Extending apflow¶
For end users: See the Custom Tasks Guide for a step-by-step tutorial on creating your own executors. This document is focused on contributors and advanced extension patterns.
This guide explains how to extend apflow by creating custom executors, extensions, tools, and hooks.
Overview¶
apflow is designed to be extensible. You can create:
- Custom Executors: Task execution implementations
- Custom Extensions: Storage, hooks, and other extension types
- Custom Tools: Reusable tools for executors
- Custom Hooks: Pre/post execution hooks
- CLI Extensions: Additional subcommands for the
apflowCLI
Creating a Custom Executor¶
Method 1: Implement ExecutableTask Directly¶
For maximum flexibility:
from apflow import ExecutableTask
from typing import Dict, Any
class MyCustomExecutor(ExecutableTask):
"""Custom executor implementation"""
id = "my_custom_executor"
name = "My Custom Executor"
description = "Executes custom business logic"
async def execute(self, inputs: Dict[str, Any]) -> Dict[str, Any]:
"""Execute the task"""
# Your execution logic here
result = {
"status": "completed",
"data": inputs.get("data")
}
return result
def get_input_schema(self) -> Dict[str, Any]:
"""Define input parameter schema"""
return {
"type": "object",
"properties": {
"data": {
"type": "string",
"description": "Input data"
}
},
"required": ["data"]
}
async def cancel(self) -> Dict[str, Any]:
"""Optional: Implement cancellation support"""
return {
"status": "cancelled",
"message": "Task cancelled"
}
Method 2: Inherit from BaseTask¶
For common functionality:
from apflow import BaseTask
from typing import Dict, Any
from pydantic import BaseModel
# Define input schema using Pydantic
class MyTaskInputs(BaseModel):
data: str
count: int = 10
class MyCustomExecutor(BaseTask):
"""Custom executor using BaseTask"""
id = "my_custom_executor"
name = "My Custom Executor"
description = "Executes custom business logic"

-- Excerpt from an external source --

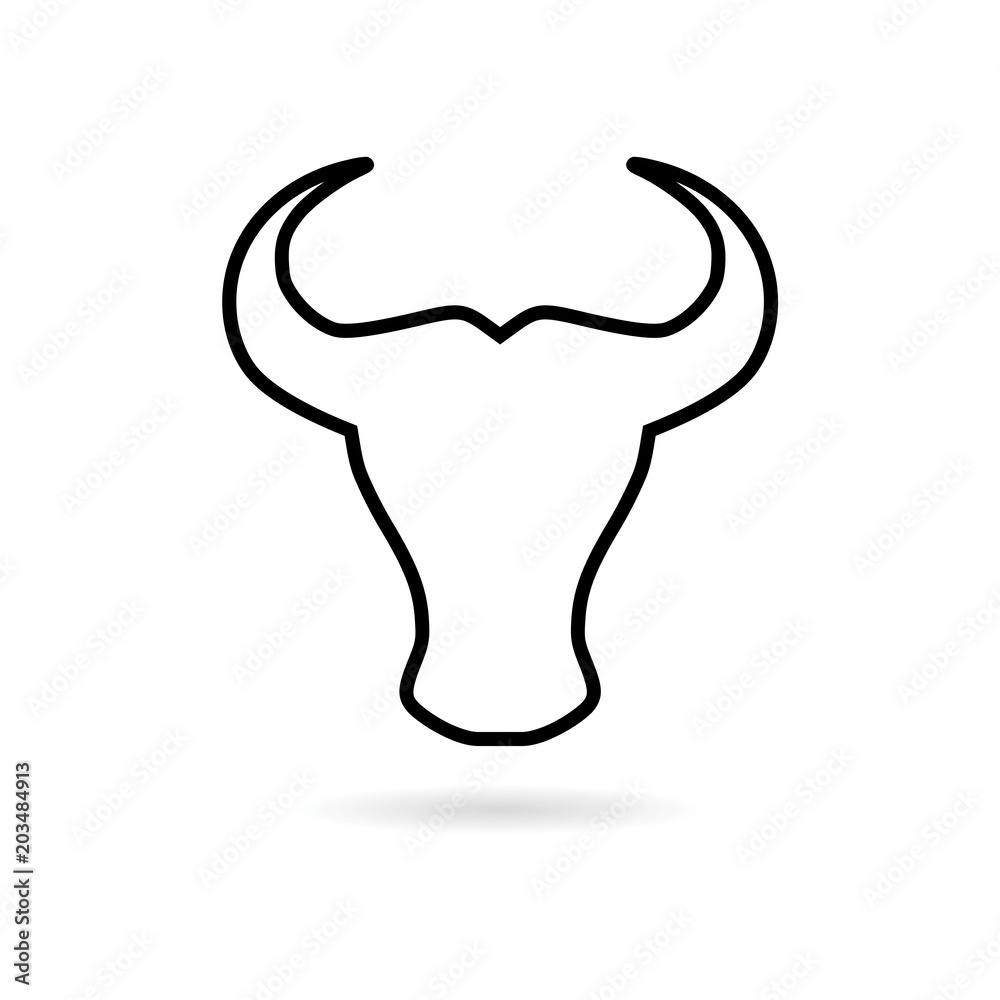 Bull head line icon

# Use Pydantic model for input validation
inputs_schema = MyTaskInputs
async def execute(self, inputs: Dict[str, Any]) -> Dict[str, Any]:
"""Execute the task"""
# Inputs are automatically validated against inputs_schema
data = inputs["data"]
count = inputs["count"]
# Your execution logic
result = {
"status": "completed",
"processed_items": count,
"data": data
}
# Check for cancellation (if supported)
if self.cancellation_checker and self.cancellation_checker():
return {
"status": "cancelled",
"message": "Task was cancelled"
}
return result
Registering Your Executor¶
from apflow import executor_register
# Register the executor
executor_register(MyCustomExecutor())
# Or register with custom ID
executor_register(MyCustomExecutor(), executor_id="custom_id")

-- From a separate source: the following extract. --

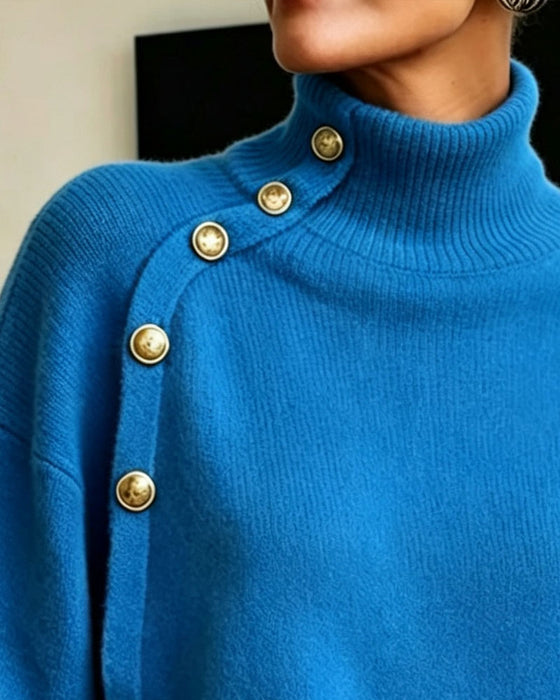 Diagonal Metal Button Turtleneck Pullover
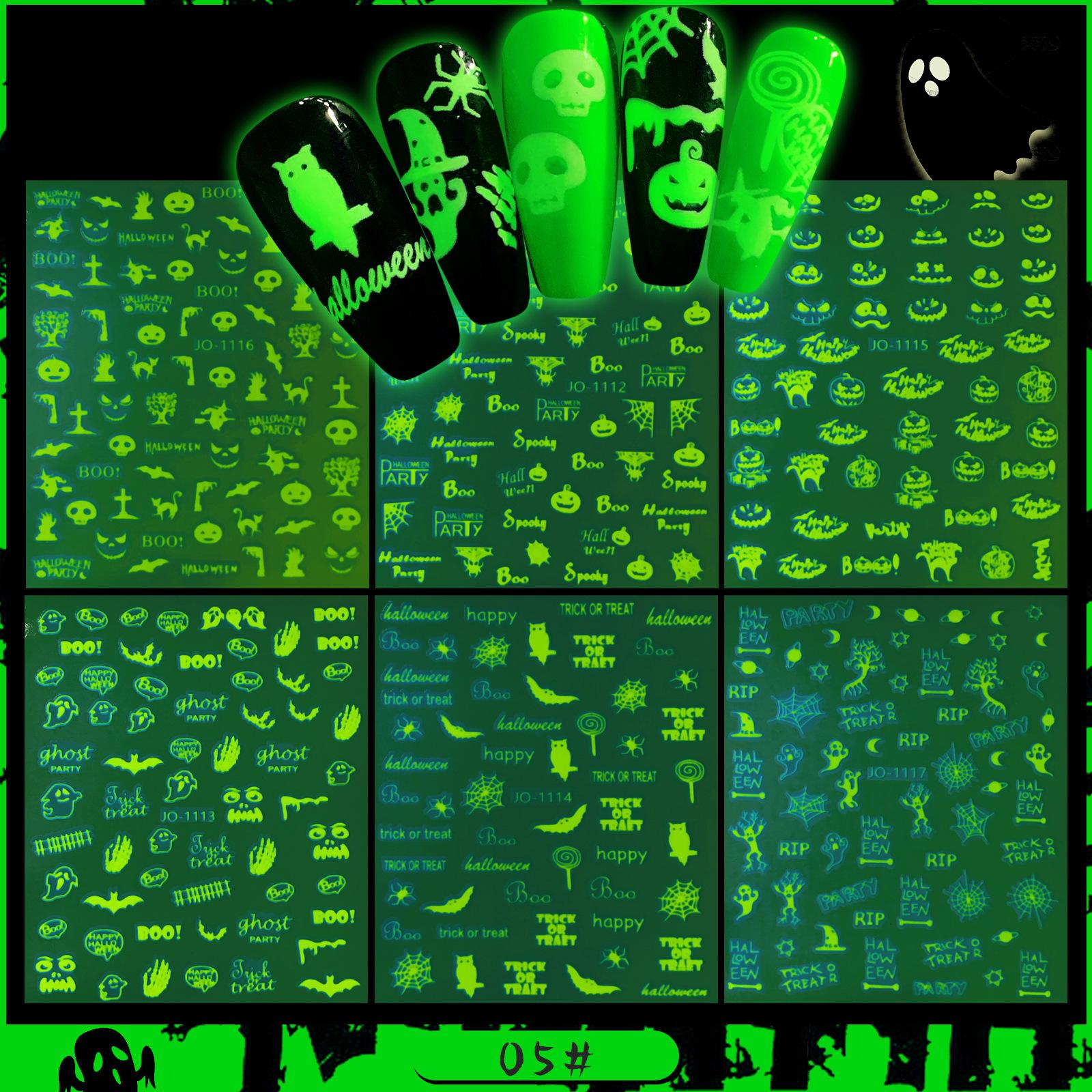 

Наклейки для ногтей, Хэллоуин Призрачный Череп Мультфильм Наклейки для ногтей Наклейки для ногтей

Creating Custom Extensions¶
Extension Categories¶
Extensions are categorized by ExtensionCategory:
EXECUTOR: Task executors (implementExecutableTask)STORAGE: Storage backendsHOOK: Pre/post execution hooksTOOL: Reusable tools
Example: Custom Storage Extension¶
from apflow.core.extensions.base import Extension
from apflow.core.extensions.types import ExtensionCategory
from apflow.core.extensions.storage import StorageExtension
class MyCustomStorage(StorageExtension):
"""Custom storage implementation"""
id = "my_custom_storage"
name = "My Custom Storage"
category = ExtensionCategory.STORAGE
async def save_task(self, task):
"""Save task to storage"""
# Your storage logic
pass
async def get_task(self, task_id):
"""Retrieve task from storage"""
# Your retrieval logic
pass
Registering Extensions¶
Creating Custom Tools¶
Tools are reusable utilities that can be used by executors:
from apflow.core.tools.base import Tool
from typing import Dict, Any
class MyCustomTool(Tool):
"""Custom tool implementation"""
id = "my_custom_tool"
name = "My Custom Tool"
description = "Performs a specific operation"

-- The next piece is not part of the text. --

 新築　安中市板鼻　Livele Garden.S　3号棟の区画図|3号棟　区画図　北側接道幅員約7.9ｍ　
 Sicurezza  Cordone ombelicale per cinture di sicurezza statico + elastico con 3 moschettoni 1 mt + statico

async def execute(self, inputs: Dict[str, Any]) -> Dict[str, Any]:
"""Execute the tool"""
# Tool logic
return {"result": "tool_output"}
def get_input_schema(self) -> Dict[str, Any]:
return {
"type": "object",
"properties": {
"input": {"type": "string"}
}
}
Registering:
Creating Custom Hooks¶
Hooks allow you to modify task behavior before and after execution.
Pre-Execution Hooks¶
Modify task inputs before execution:
from apflow import register_pre_hook
@register_pre_hook
async def validate_and_transform(task):
"""Validate and transform task inputs"""
if task.inputs and "url" in task.inputs:
url = task.inputs["url"]
# Ensure URL has protocol
if not url.startswith(("http://", "https://")):
task.inputs["url"] = f"https://{url}"
# Add timestamp
task.inputs["_processed_at"] = datetime.now().isoformat()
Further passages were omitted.